Validation loss hits minimum almost immediately

bjr96571 · September 6, 2020, 3:22am

I’m currently having an issue with my model where overfitting starts almost immediately. I’m currently fine-tuning a resnet50 model:

model = models.resnet50(pretrained=True)
num_ftrs = model.fc.in_features
model.fc = nn.Sequential(nn.Linear(num_ftrs, 2))
model = model.to(device)
criterion = nn.CrossEntropyLoss().to(device)
optimizer_ft = torch.optim.SGD(model.parameters(), 
                               lr=0.01, 
                               momentum=0.9, 
                               weight_decay=0.0001)

And my training loop looks like:

def train_model(model, dataloader, criterion, optimizer, num_epochs=25):

    for epoch in range(num_epochs):
        for phase in ['train', 'val']:
            if phase == 'train':
                model.train()  # Set model to training mode
            else:
                model.eval()   # Set model to evaluate mode

            running_loss = 0.0
            running_corrects = 0

            # Iterate over data.
            for inputs, labels in dataloader[phase]:
                inputs = inputs.to(device)
                labels = labels.to(device)
                # zero the parameter gradients
                optimizer.zero_grad()

                # forward
                # track history if only in train
                with torch.set_grad_enabled(phase == 'train'):
                    # Get model outputs and calculate loss
                    outputs = model(inputs)
                    loss = criterion(outputs, labels)
                    preds = torch.argmax(outputs, dim=1)
                    # backward + optimize only if in training phase
                    if phase == 'train':
                        loss.backward()
                        optimizer.step()

                # statistics
                running_loss += loss.item() * inputs.size(0)
                running_corrects += torch.sum(preds == labels.data)

            epoch_loss = running_loss / len(dataloader[phase].dataset)
            epoch_acc = running_corrects.double() / len(dataloader[phase].dataset)
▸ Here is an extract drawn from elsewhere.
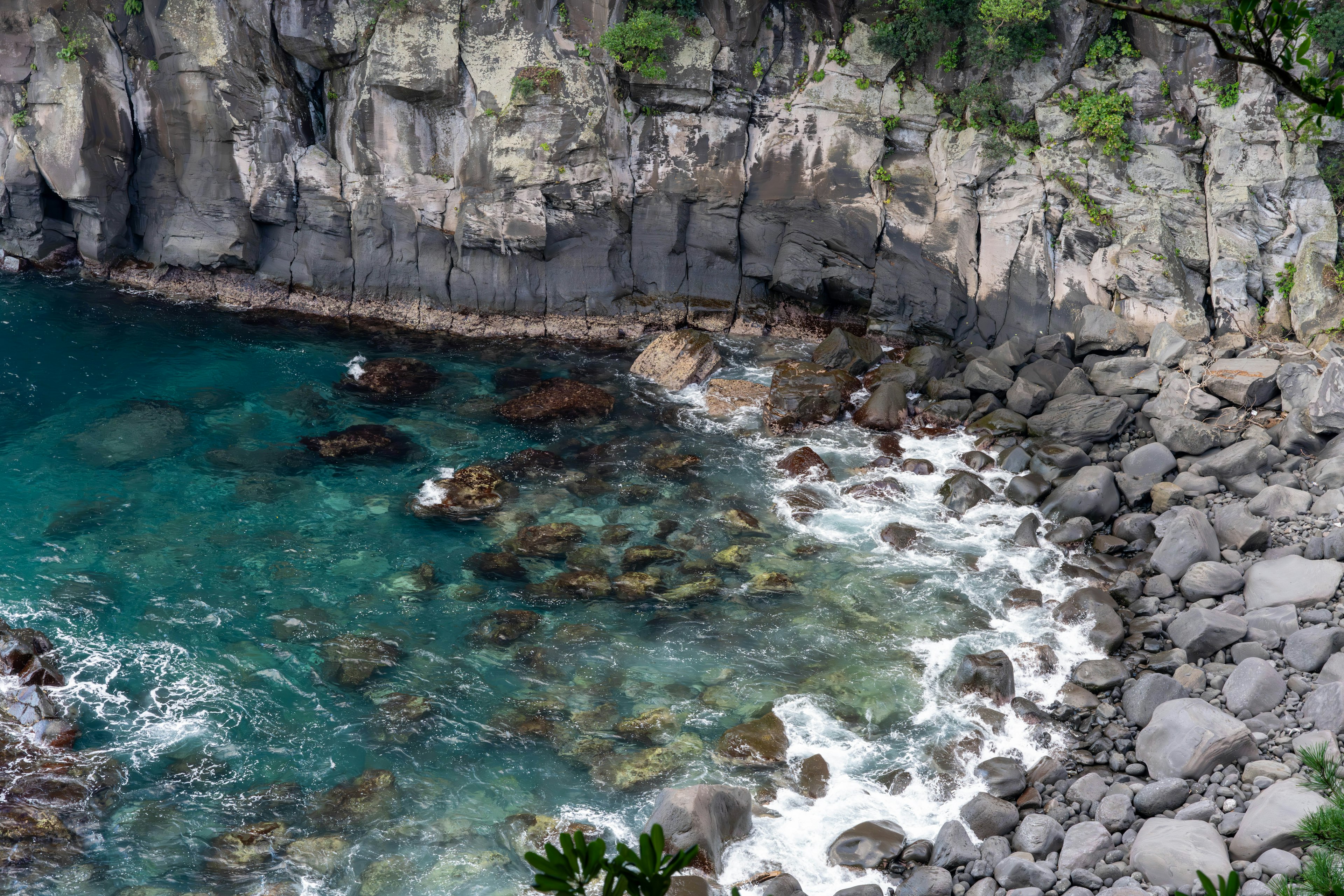 Pemandangan indah air turquoise dan tebing berbatu dengan ombak menghantam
            print('{} Loss: {:.4f} Acc: {:.4f}'.format(phase, epoch_loss, epoch_acc))    
    
    return model

I’ve tried adjusting weight decay, adding dropout in the FC layer, and lowering the learning rate, but no matter what, the logs usually look just like this:

Epoch 0/49
----------
train Loss: 0.5754 Acc: 0.7006
val Loss: 0.5206 Acc: 0.7448

Epoch 1/49
----------
train Loss: 0.5089 Acc: 0.7478
val Loss: 0.5259 Acc: 0.7509

Epoch 2/49
----------
train Loss: 0.4815 Acc: 0.7655
val Loss: 0.4894 Acc: 0.7622

Epoch 3/49
----------
train Loss: 0.4608 Acc: 0.7794
val Loss: 0.4889 Acc: 0.7633

Epoch 4/49
----------
train Loss: 0.4433 Acc: 0.7893
val Loss: 0.4955 Acc: 0.7667

Epoch 5/49
----------
train Loss: 0.4258 Acc: 0.8001
val Loss: 0.5082 Acc: 0.7613

Every time it starts overfitting around 3-4 epochs, and I’ve let it run up until 50. Has anyone had any experience with this and could offer any advice?

Also, my training set is about 193,000 images, and my validation set is about 21,000.